コンクリートが織り成すパッチワーク模様、元製材所の「SawMill House」
オーストラリアに建っているこちらの家は、巨大なコンクリートの壁がパッチワーク模様をつくり、なかなかの存在感を放っている。この家は、もとは鉱石などの発掘所で、その後木材切り出し用の作業場として使われていたが、谷を見下ろす景観に魅せられた彫刻家のBenjaminと建築家であるChrisの兄弟が、子育てのできる温かな家として製材所を生まれ変わらせた。

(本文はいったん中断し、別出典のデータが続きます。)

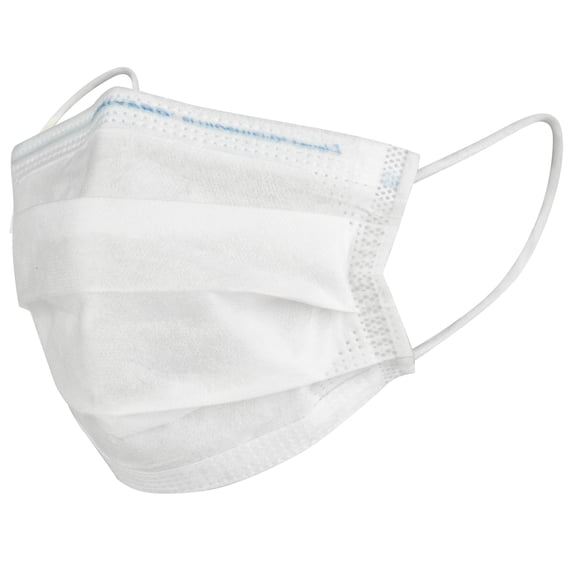 HALYARD FLUIDSHIELD 1 Fog-Free Disposable Procedure Mask, with SO SOFT Lining and SO SOFT Earloops, Pleat-Style, White, 41802 (Box of 50)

正面の壁面を構成するコンクリートの塊は、ひとつの重さが1tにもなり、廃棄されたものをリサイクルした。270個の巨塊が使われており、もともとあった場所や用途の違いで、ひとつひとつの色や質感が異なり、独特な味となっている。
内装に使われている木材は全て地元の木材を使用。ベンチとしてもテーブルとしても使えるシンプルな家具や棚もすべて建築家チームの手がけたオリジナルで、統一感があり美しい。
当初は単身者向けの家になるはずだった家だが、事情は変わり、パートナーと産まれてくる子供の3人で暮らす家づくりが必要になった。小さい子供がいると間取りやつくりの安全性にも気を配る必要がある。寝室横の芝生は壁に守られていて、赤ちゃんが日向ぼっこをしても安全だ。
開放感がある縁側のようなデッキは、一枚の大きなガラスで室内と区切られている。そのため、視界を遮ることなく、広々とした印象だ。小さな庭は、砂と石が多く使われていて和風な雰囲気が漂い、親近感が持てる。
無機質で冷たい印象を与えるコンクリート。色や質感の違いを生かして組み合わせることで、温かみのある表情を生み出した。開放的でありながら、プライバシーも保たれ、安全・チャイルドフレンドリーな家である。